On 24/04/2004 21:01, Ernest Cline wrote:

... My point here was that adding a category of characters
that was tightly bound to the preceding character without using the
existing combining class mechanism would cause problems
for normalization that could not be avoided, and as such, it is
impossible to add variation selectors for combining marks
unless the variation selector for a combining mark is of the
same canonical combining class. That would cause any
proposal for such variation selectors to have to add variation
selectors for each canonical combining class, and thus
increase the cost of implementing such a proposal.



Let us remember that problems arise with class 0 VSs only if preceded by more than one combining mark. So it would be possible to specify that VSs may be preceded by no more than one combining mark. Therefore, a base character with two combining marks, one of which has a variant glyph, must be encoded B CM2 VS CM1 - irrespective of the canonical order. This is stable under normalisation as the VS is class 0. Even if without the VS the canonical order is B CM1 CM2 (i.e. cc(CM2)>cc(CM1)), the sequences B CM1 CM2 VS and its unnormalised canonical equivalent B CM2 CM1 VS can be defined as illegal (just as at present any sequence of CM VS is illegal), and the sequence with the variant glyph would have to be B CM2 VS CM1. This avoids any problems with normalisation by defining the sequences which can be reordered as illegal. (There is a small problem when variants of BOTH combining marks are required, as B CM1 VS1 CM2 VS2 and B CM2 VS2 CM1 VS1 are equivalent but not canonically equivalent. This could happen in Hebrew e.g. if a VS is used for dagesh hazaq as well as qamats qatan, but should be rare enough to be a marginal problem.)


It might make sense to relax the restriction on allowable
variation sequences to include combining marks of class 0,
and maybe even to provide variation selectors for the two
big classes of combing characters, 220 and 230, given
that those two classes are far and away the largest non-0
classes at present and are likely to remain so.
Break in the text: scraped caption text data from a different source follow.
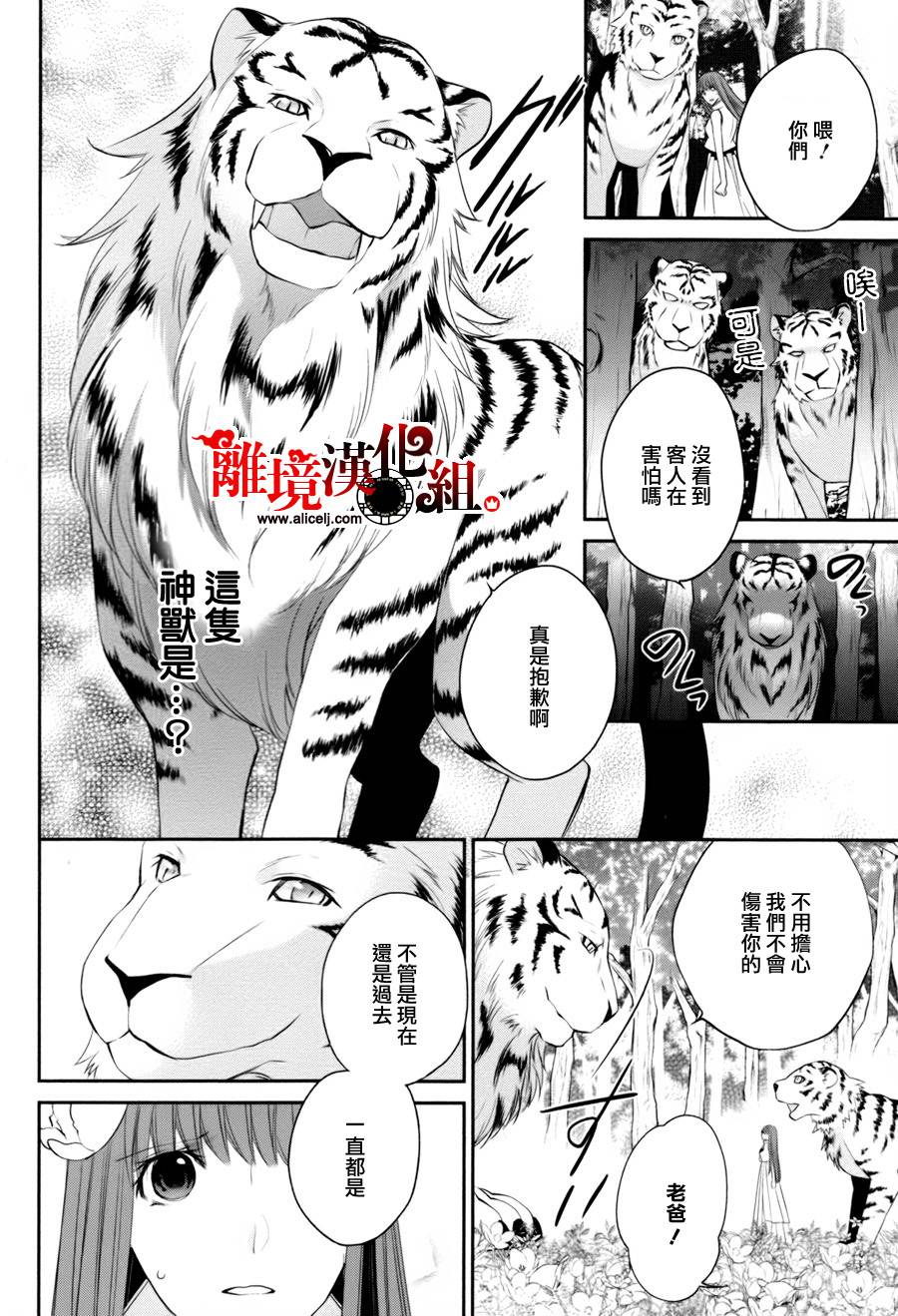 我家的陛下是新手哟韩漫全集-第23话无删减无遮挡章节图片 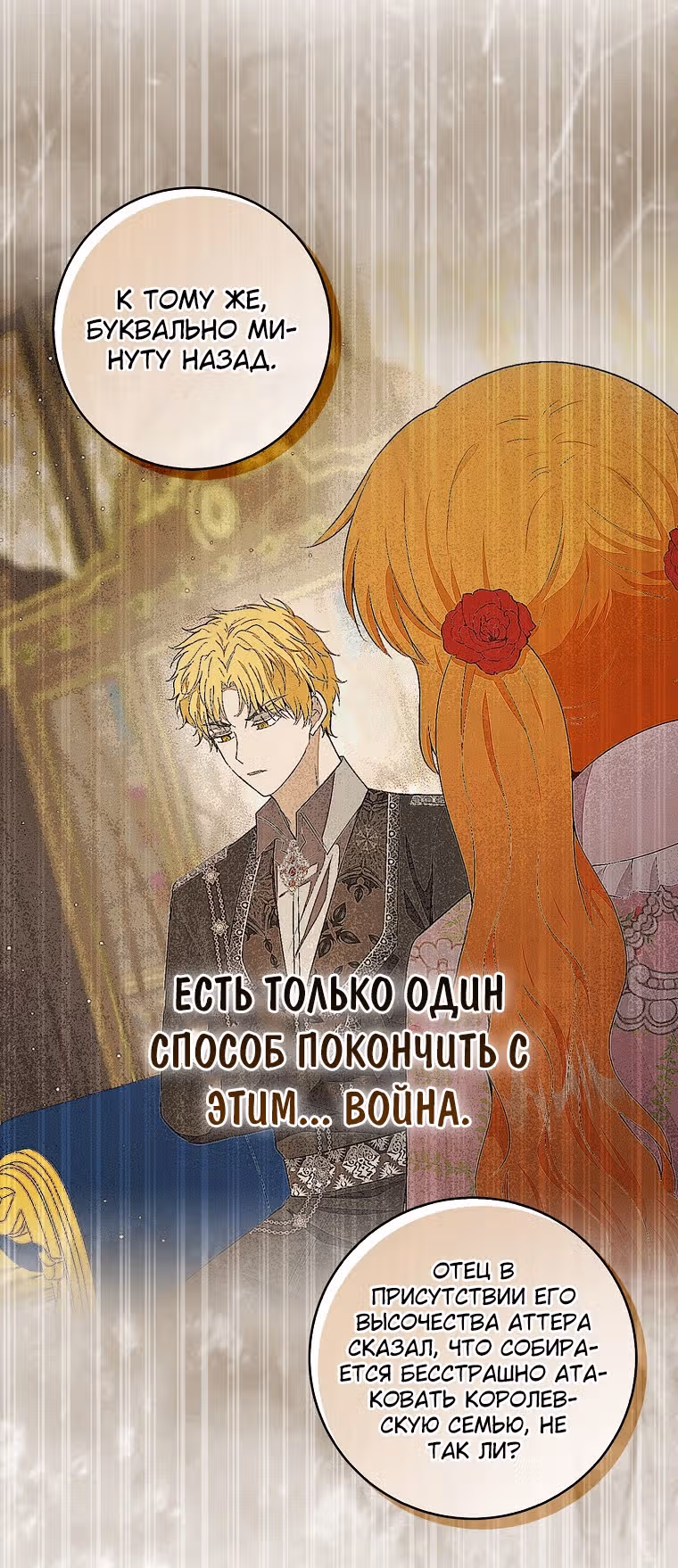 Одарённая Белочка — Том 2 · Глава 70, страница 29
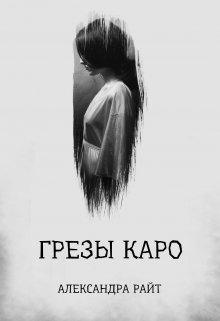 Грезы Каро (Александра Райт.)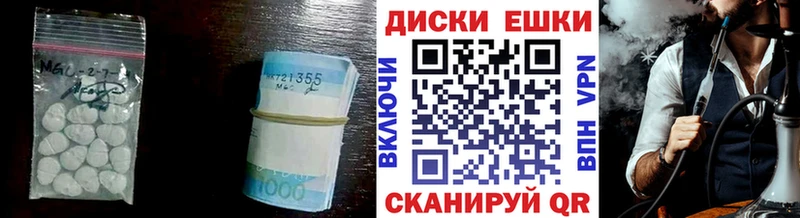 Ecstasy 99%  цены наркотик  Ахтырский 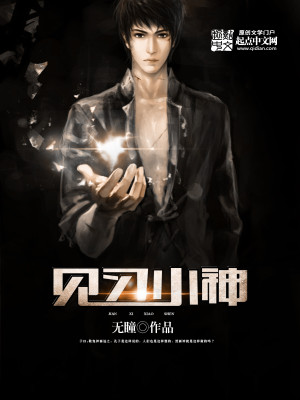 实习生鉴定评语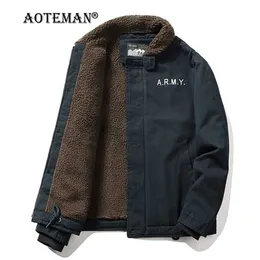 Fwe jacket online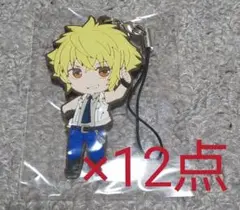 うたプリ 日向大和 ラバスト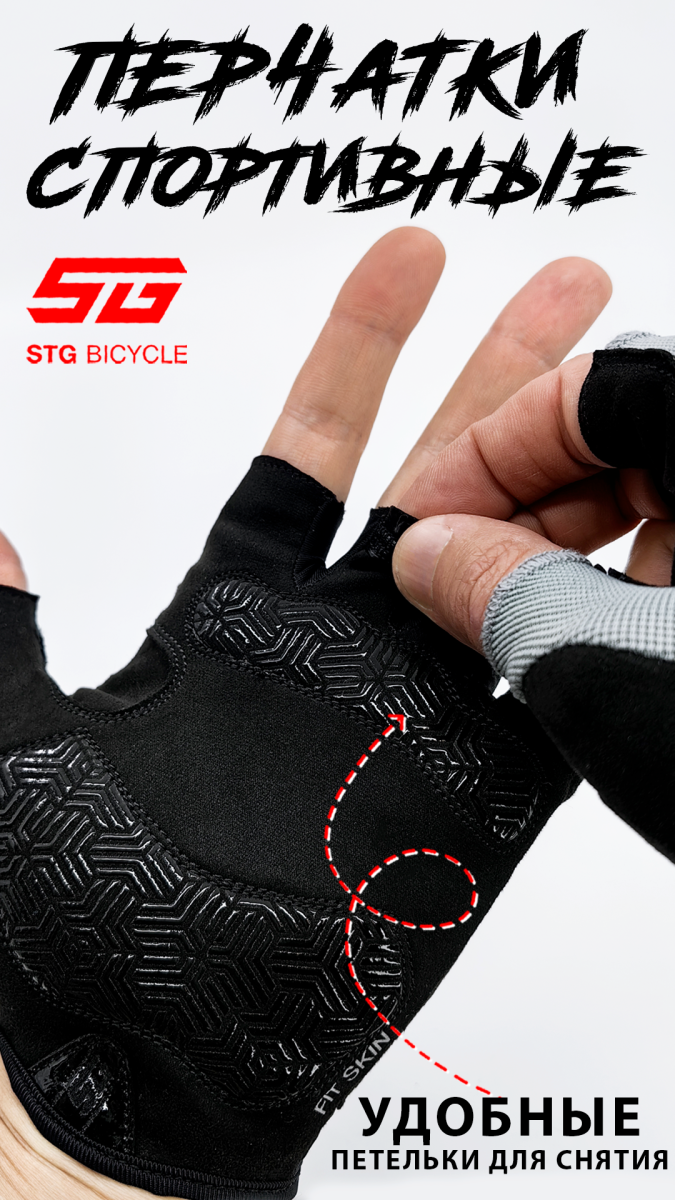 Велоперчатки STG Sens Skin XL серый, черный Х112272-XL фото 6 Велоперчатки STG Sens Skin XL серый, черный Х112272-XL фото 6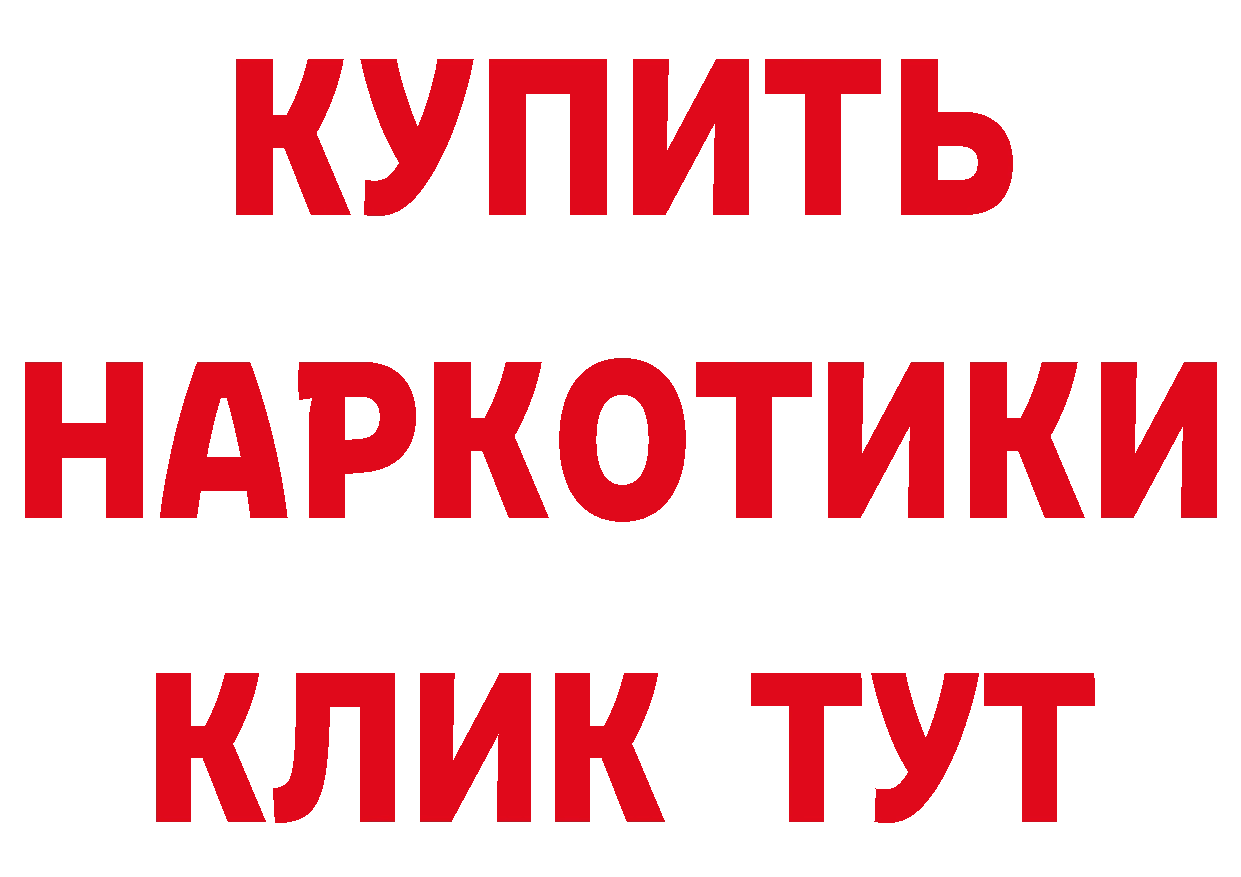 А ПВП Соль рабочий сайт это мега Лиски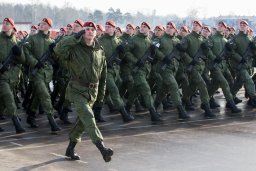 А. Михайлов о Национальной гвардии РФ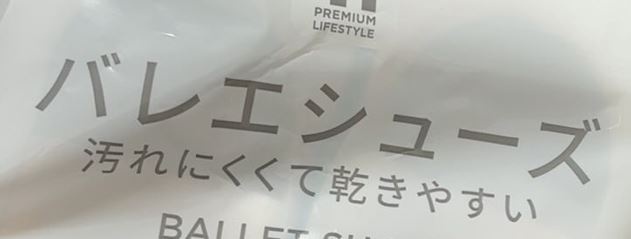 息子さんが選んだ上履きの色は……？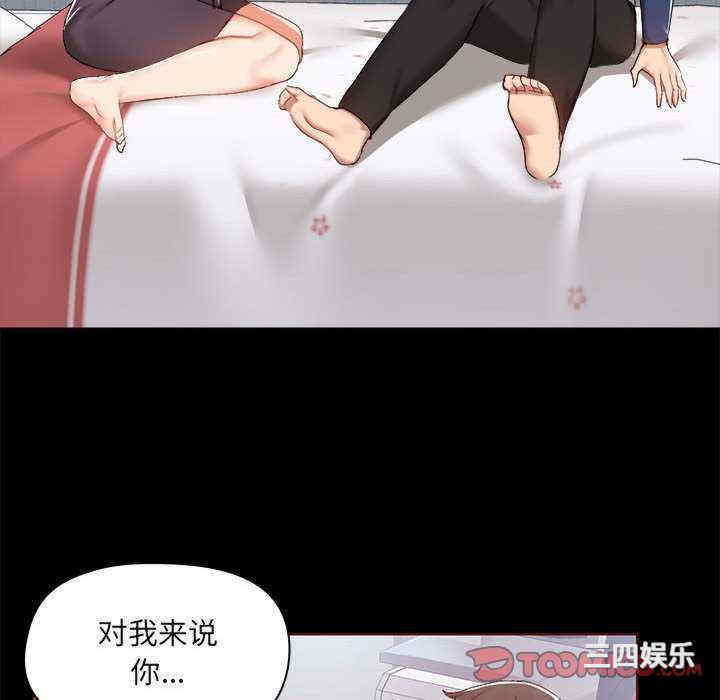 第83张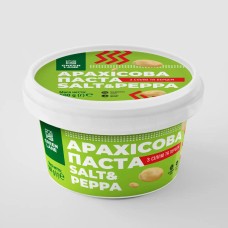 Арахісова паста Green Lane SALT&PEPPER із сіллю та перцем 500 г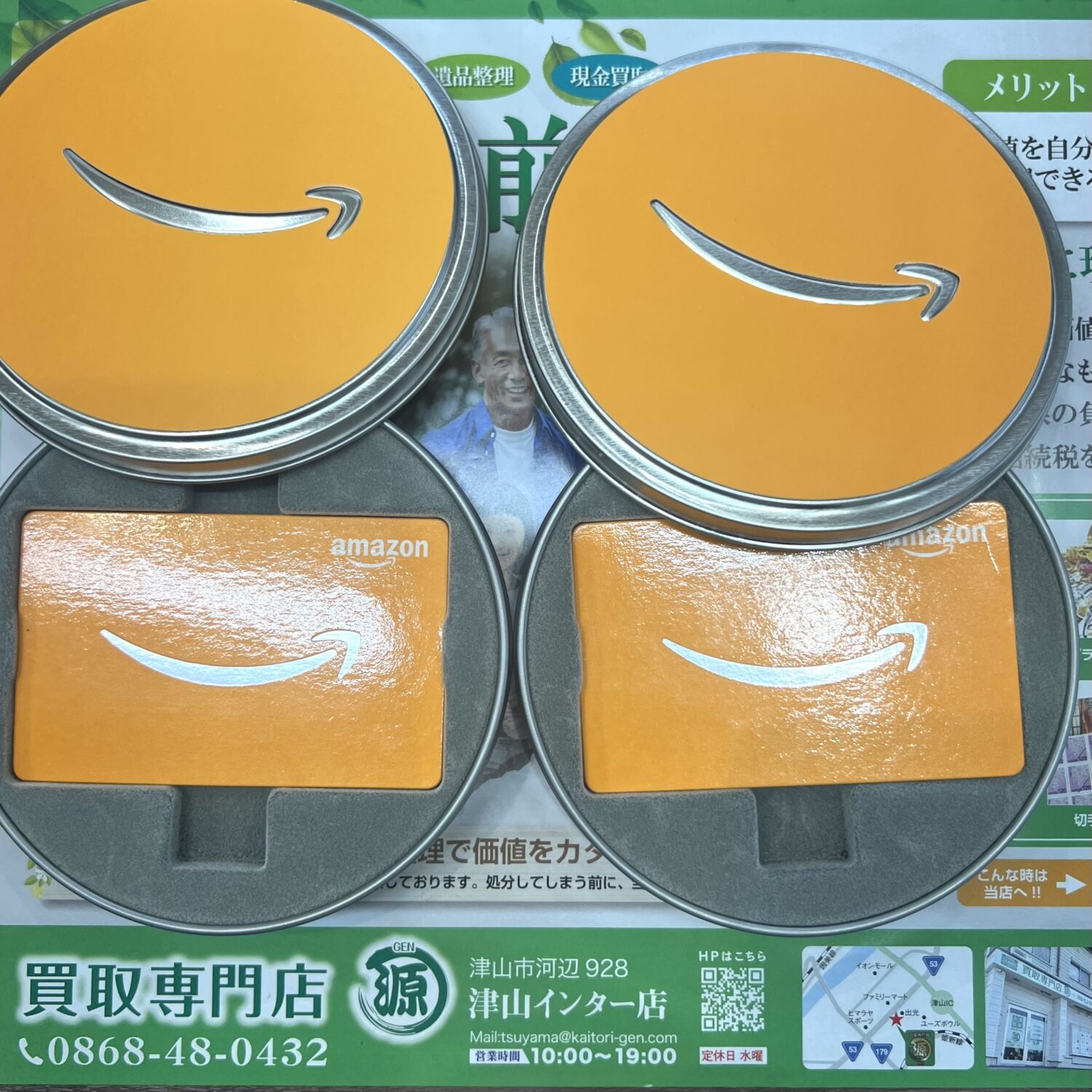 amazonギフト券を買取りました。 買取専門店 源 津山インター店　アマギフ買取り。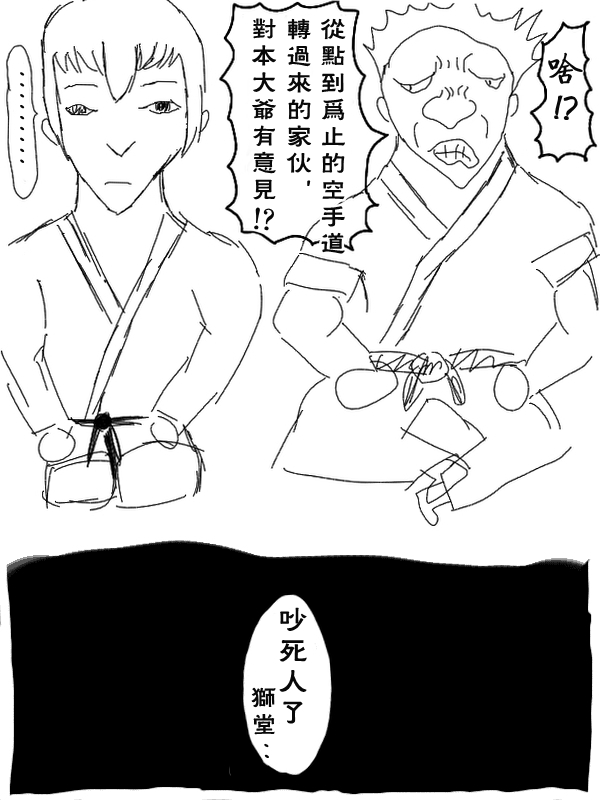 《求道之拳》漫画 007集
In principle this makes sense. In practice it fails to solve the specific problem with Hebrew, because most of the combining marks which have variants are not in classes 220 or 230.

Earlier, Ernest wrote:

Adding Variation Selectors with non-zero canonical
combining classes is possible, but I fail to see the benefits
from adding new Variation Selectors on the SSP outweighing
the benefits of defining new vowel marks in the Hebrew
block.


The benefits of using variation selectors rather than new code points in this case are exactly the same as those for variation selectors for base characters, as expressed in TUS section 15.3:


Occasionally the need arises in text processing to restrict or change the set of glyphs that are to be used to represent a character. ... In special circumstances, such a variation from the normal range of appearance needs to be expressed side-by-side in the same document in plain text contexts, where it is impossible or inconvenient to exchange formatted text. ... The variation selectors are used when characters have essentially the same semantic.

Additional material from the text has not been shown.